Income Alone Is Not Enough: The Importance of Increasing Women’s Decision-Making in Agriculture

Introduction
When women have control over how they spend their income, they invest a far greater percentage of it on their families than men do. Their spending helps improve education, health and nutrition outcomes for the whole family. While many agriculture programs invest in women’s economic empowerment, there is no clear understanding that women’s access to income necessarily correlates with their control over how to spend that income. Although there can be many positive outcomes of increasing women’s income, increasing income alone is not necessarily enough to improve women’s empowerment and benefit the household. Women’s empowerment requires additional steps to improve their ability to make decisions or participate in joint decision-making with their spouse. If women lack control over the decisions regarding how their income is used, the positive impact on their family and community is limited.
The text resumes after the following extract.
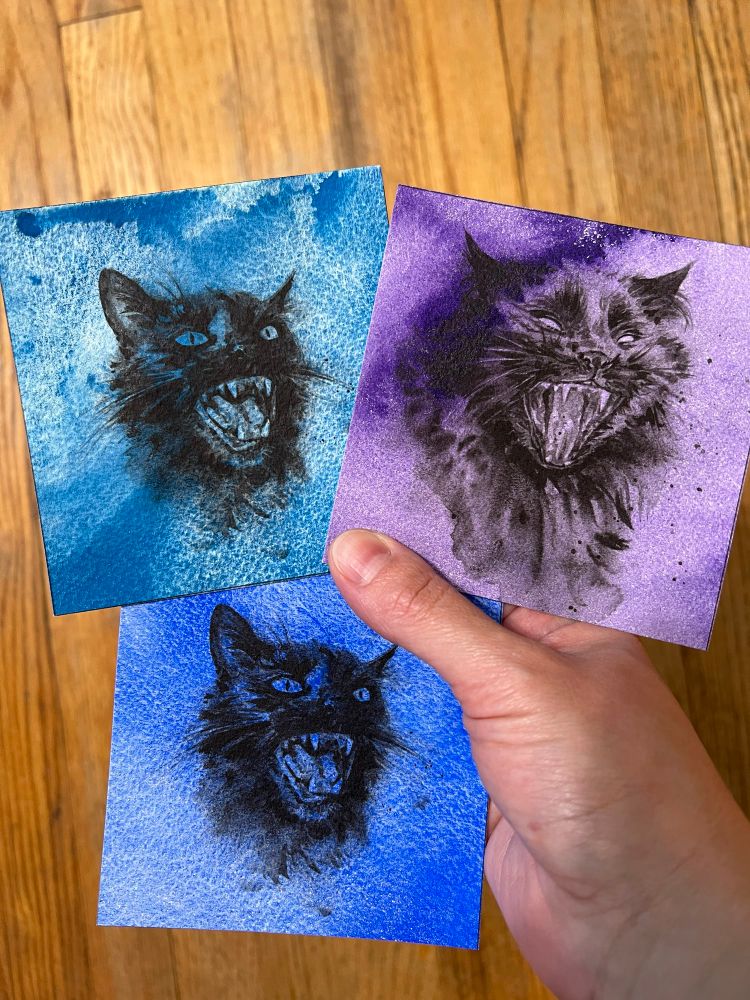 Photo of a hand holding three small square pieces of art: black and white yowling cats on textured watercolor backgrounds in purple and blue.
Therefore, it is critical to increase women’s decision-making power in agricultural programming in tandem with increasing women’s income. Agricultural development programs may succeed in increasing women’s incomes in the short-term, but these efforts will be largely unsustainable, and their impact on women, their families and their communities will be stunted or short-lived without also ensuring that women have decision-making power over spending.
Approaches for increasing women’s decision-making in agriculture
To start addressing this gap, the Advancing Women’s Empowerment (AWE) program is exploring ways to understand and increase women’s decision-making in agriculture. The program started by collecting evidence-based approaches to increasing women’s decision-making power in two spheres. The first sphere was agricultural production, such as decision-making over what to plant, what inputs to use and how to spend the income generated. The second was agricultural institutions, such as participating in collective decision-making within farmer groups, associations, cooperatives, agribusinesses and community groups. AWE recently completed its first phase of research, which included eight group interviews with global organizations and 10 individual interviews with agricultural institutions, all of which include increasing women’s decision-making power in their agriculture programs.
Through these interviews, AWE was able to collect a list of evidence-based approaches to increasing women’s decision-making in agriculture, as well as its outcomes and impact. While the approaches varied depending on whether they were intended to increase women’s decision-making power over production or within agricultural institutions, the most common approaches were providing access to finance or other resources, countering social norms through male engagement, using role models and gender champions and using quotas or other policy reforms. It is important to note that these approaches were found to be most effective when combined and used simultaneously at the national, community and household levels.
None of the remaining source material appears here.